Edwards gained access to the Winek residence in the early morning hours of Nov. 25, possibly with the help of the girl, whose identity was not released, and perpetrated the killings, police said, then set fire to the residence. As he was making his getaway with the teen, an alert neighbor called 911, concerned for her safety after sensing there was a problem.

Patrol officers were headed to the location when 911 dispatchers began receiving reports of a fire at the house. Crews quickly knocked down the blaze and discovered the victims' bodies placed near the front entrance, according to police.
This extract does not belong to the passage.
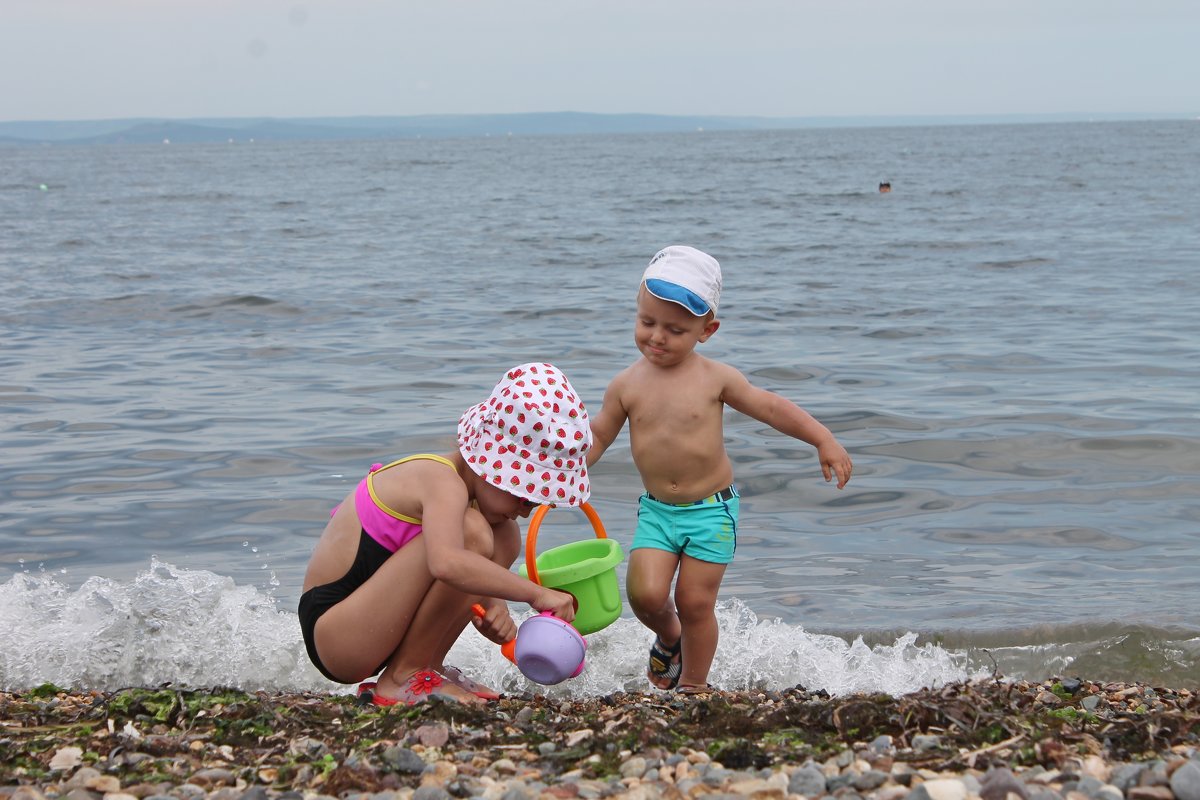 дети на пляже - Алёна Ельцова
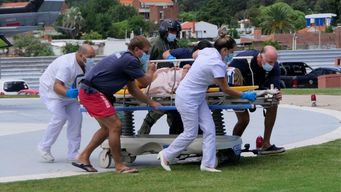 trasladaron en helicoptero a banista que se golpeo la cabeza y perdio el conocimiento en el agua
Edwards' Kia Soul was quickly identified as the vehicle leaving the property, and a region-wide search was initiated, culminating in a pursuit by San Bernardino County sheriff's deputies, who spotted the car going northbound on highways 247 and then 62.

The off-duty lawman lost control of the car and drove off the road. The girl fled the vehicle, but Edwards got out and pointed a gun at a sheriff's helicopter, prompting deputies to open fire. It was at that point he fatally shot himself, according to investigators.

Evidence later surfaced that Edwards had previously engaged in online harassment of another girl years earlier, obsessing about her to the point of threatening suicide if she didn't respond to his messages.

According to published reports, Edwards was briefly committed to a mental hospital in 2016 after an altercation with his father in which he threatened to kill the elder man.

All of this occurred prior to his entering the field of law enforcement.